Although not all complementarians would agree, Mark Driscoll has said Paul's instructions resulted from women being "unfit," "more gullible and easier to deceive than men." Driscoll also frequently describes women as emotional.
Or, when North American Christians oppose anti-bullying measures because they eliminate gender roles, these Christians fail to explain why certain characteristics are male and others female, and to ground this explanation beyond our particular culture's assumptions about gender.
I know a culture-less reading of Scripture isn't possible. But perhaps we should more thoroughly look at how and why women and men appear to be different in our culture, and why they should act certain ways to be good Christians. Perhaps the church should stop painting women and men with such broad brushstrokes.

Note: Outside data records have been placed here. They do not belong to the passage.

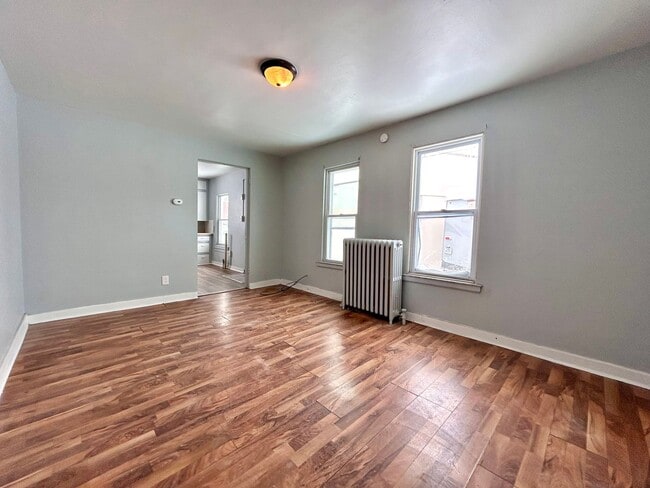 Building Photo - Isabella 5-9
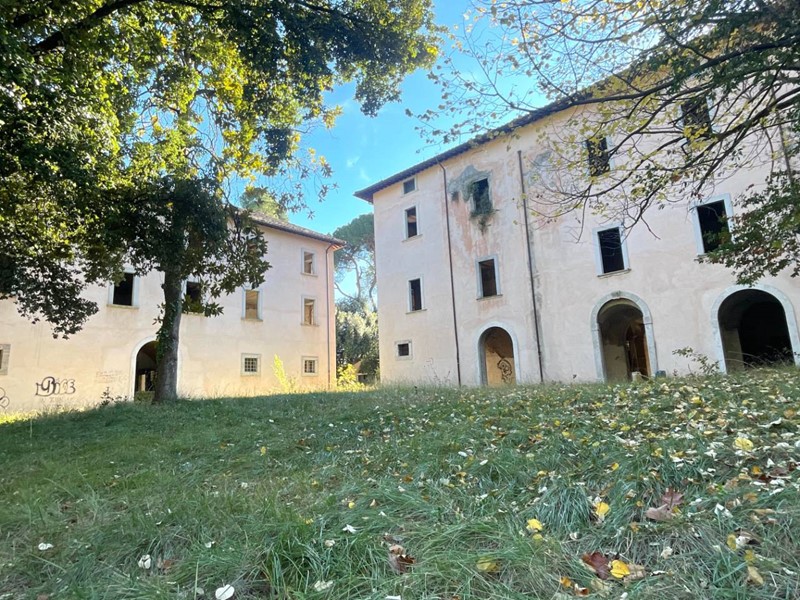Appartamento in Vendita a Ascoli Piceno, 1'700'000&euro;, 2800 m²
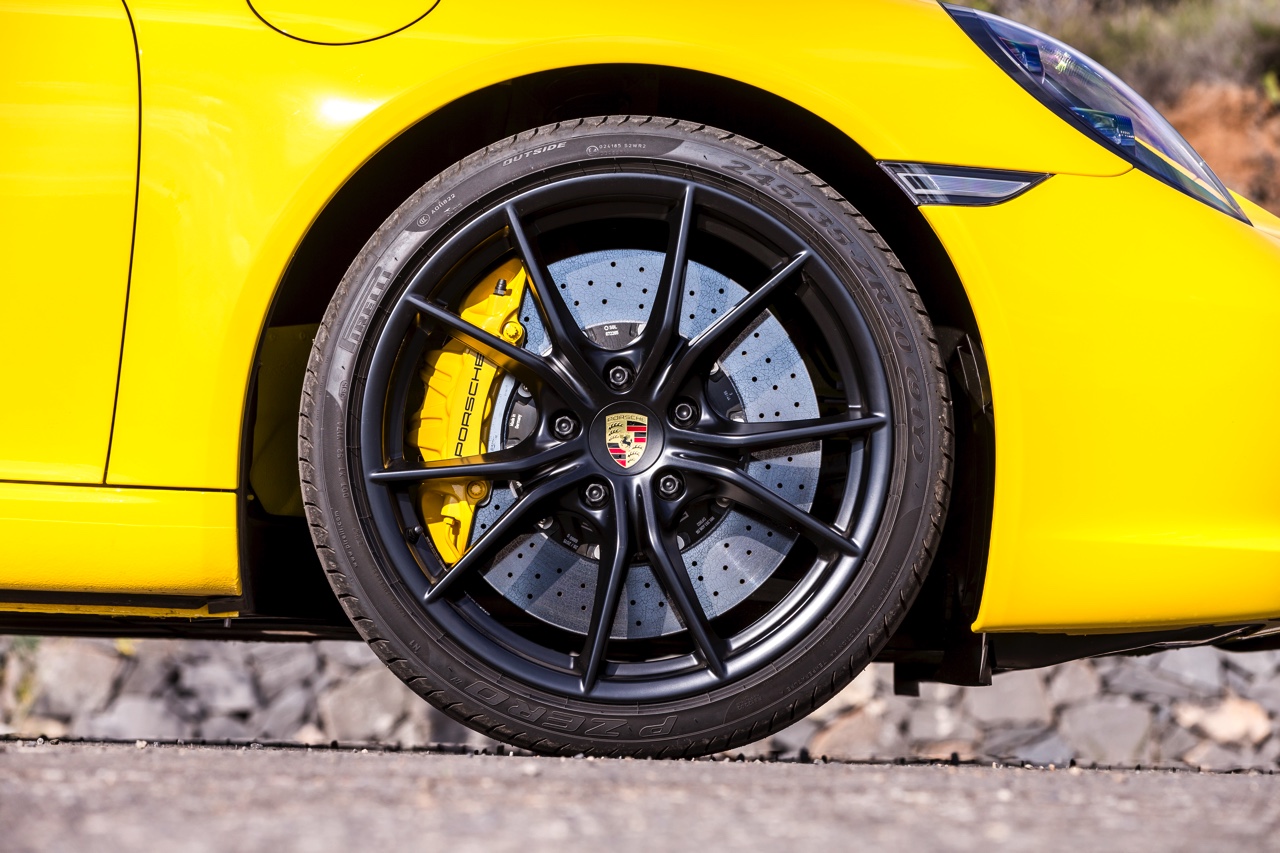 Autotest Porsche 911 Carrera S, de facelift van de 991-generatie is een feit. Verbeterde styling en een opgewaardeerd onderstel maken het icoon nog sterker.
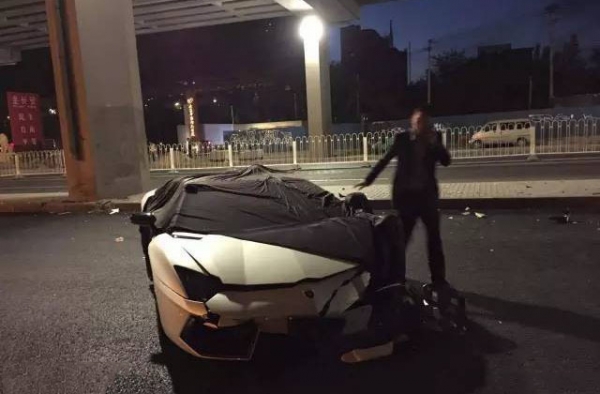 疑似李易峰豪车撞桥墩 经纪人向媒体证实李易峰出事故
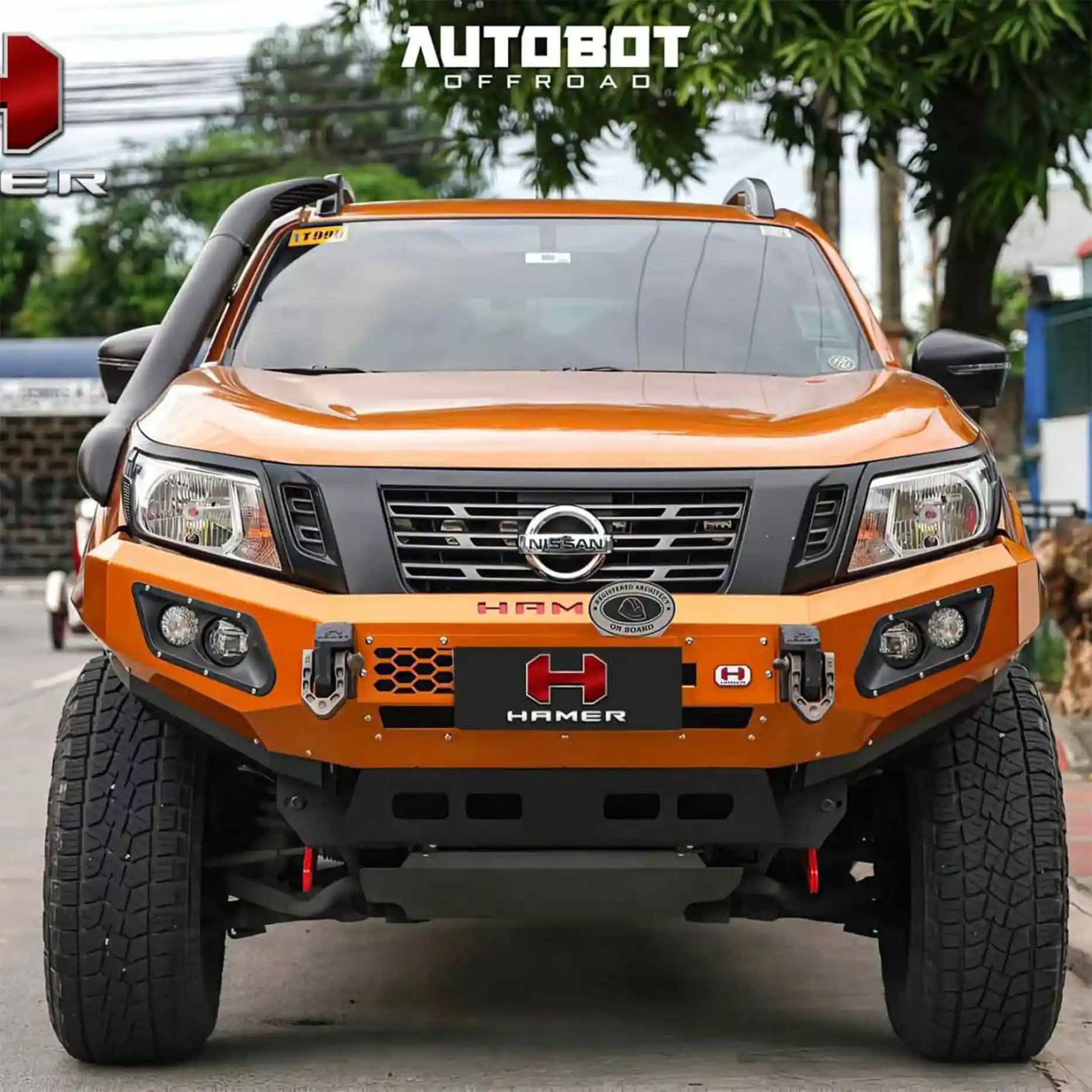 Front view of Nissan Navara NP300 (2015–2020) fitted with Hamer King Series Bull Bar, ADR compliant with 3 mm steel and integrated LED lighting.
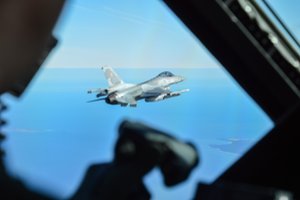 NATO naikintuvai septynis kartus skrido atpažinti ir lydėti Rusijos orlaivių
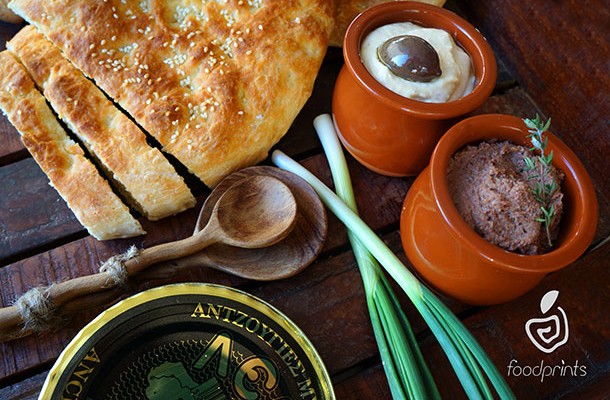 ΛΑΓΑΝΑ, ΛΕΥΚΟΣ ΤΑΡΑΜΑΣ ΚΑΙ ΠΑΣΤΑ ΕΛΙΑΣ ΜΕ ΦΟΥΝΤΟΥΚΙ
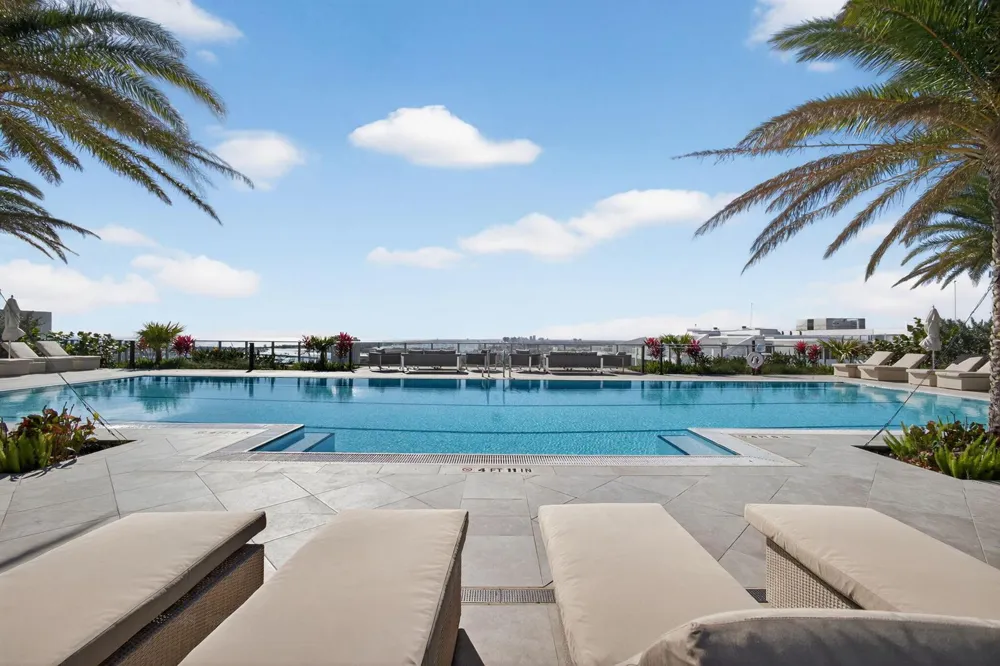 220 Lake Shore Drive #609 Lake Park, FL 33403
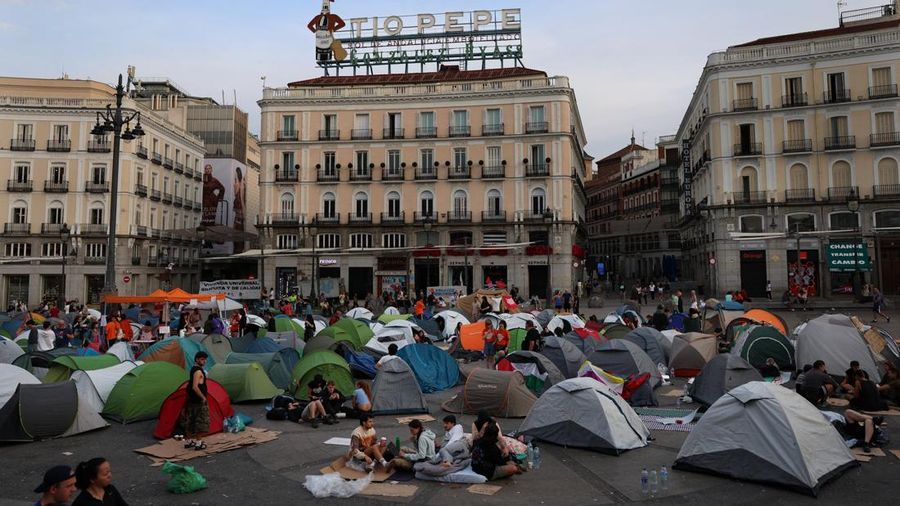 Para demonstran tidur dan berkumpul di sekitar tenda setelah mendirikan perkemahan di alun-alun Puerta del Sol sebagai protes terhadap krisis perumahan di Spanyol menyusul penggusuran paksa seorang wanita berusia 87 tahun dari apartemennya di Madrid,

Rather than marginalizing those who do not fit the North American mold of femininity and masculinity and who have not conformed to particular roles, could the church community make room for them? As Joy Bennett wrote in a great post over at Deeper Story, "just because a woman's strengths don't fit the typical female patterns doesn't mean she doesn't fit into the body of Christ."
I wish the church would take a closer look at our definitions of masculinity and femininity. Are they informed more by North American culture than anything else? Humility on all sides would also be helpful, as it's pretty bold to think your interpretation of gender roles is precisely what God commanded, and questioning this interpretation disrespects the Bible and God's character.
I am left scratching my head when biblical gender roles just happen to match up with traditional twentieth-century North American gender roles, and that one exclusive group has decided to be the arbiter of these roles. Let's take a closer look (and stop reviewing books before reading them), shall we?